= Nigel Morgan =

British-South African consultant (1954–2018)

Nigel Jeremy Morgan (25 September 1954, in Woking, Surrey – 17 November 2018, in Harrismith, South Africa) was a British-South African security consultant. A former British Army officer with close ties to South African intelligence, he was credited with exposing an attempted coup against the government of Equatorial Guinea in 2004.

==Personal==
Morgan was the son of Ronan 'Bowlegs' Morgan, an Irish publisher who was a regular at El Vino on Fleet Street, and Pamela (nee Martin) from the prominent Irish family of Richard Martin. He was the nephew of rugby player Cliff Morgan. An older brother, Malcolm, was killed in a motorcycle accident in 1970.

==Education==
After attending Cranleigh until he was 18, Morgan was trained at Royal Military Academy Sandhurst in 1974 and joined the Irish Guards. After passing out from RMAS, he read Politics at Durham University on a military bursary, where he was President of the Durham Union for Epiphany term of 1978. He finished his degree in 1978, receiving a 2.2.
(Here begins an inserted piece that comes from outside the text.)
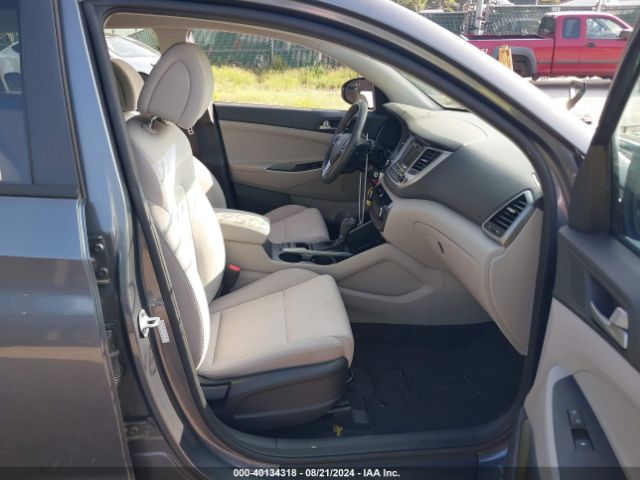 Photo 4 VIN: KM8J3CA4XHU436563 - HYUNDAI TUCSON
Per the conditions of the bursary, Morgan was required to complete a minimum period of service with the British Army after finishing his degree.

==Career==
While based with his regiment in London, Morgan became familiar with many of the thinkers involved in Thatcherism, including John Hoskyns, a special adviser to Prime Minister Margaret Thatcher. He campaigned to have his commission rescinded – telling his commanding officer he 'couldn't command a tea trolley' – but was unsuccessful. On leaving the army he worked alongside Alfred Sherman at the Centre for Policy Studies and choosing to resign alongside his intellectual mentor in 1983 in protest at the leadership of Hugh Thomas.

Later in the decade he spent a year training as a Jesuit priest but left over disagreements about the newly fashionable Liberation theology. What followed was stints prospecting for gold in the Yukon with a friend from the Scots Guards and a haphazard gold-buying venture in Liberia in which he lost $1  million of investors’ money on gold-coated brass.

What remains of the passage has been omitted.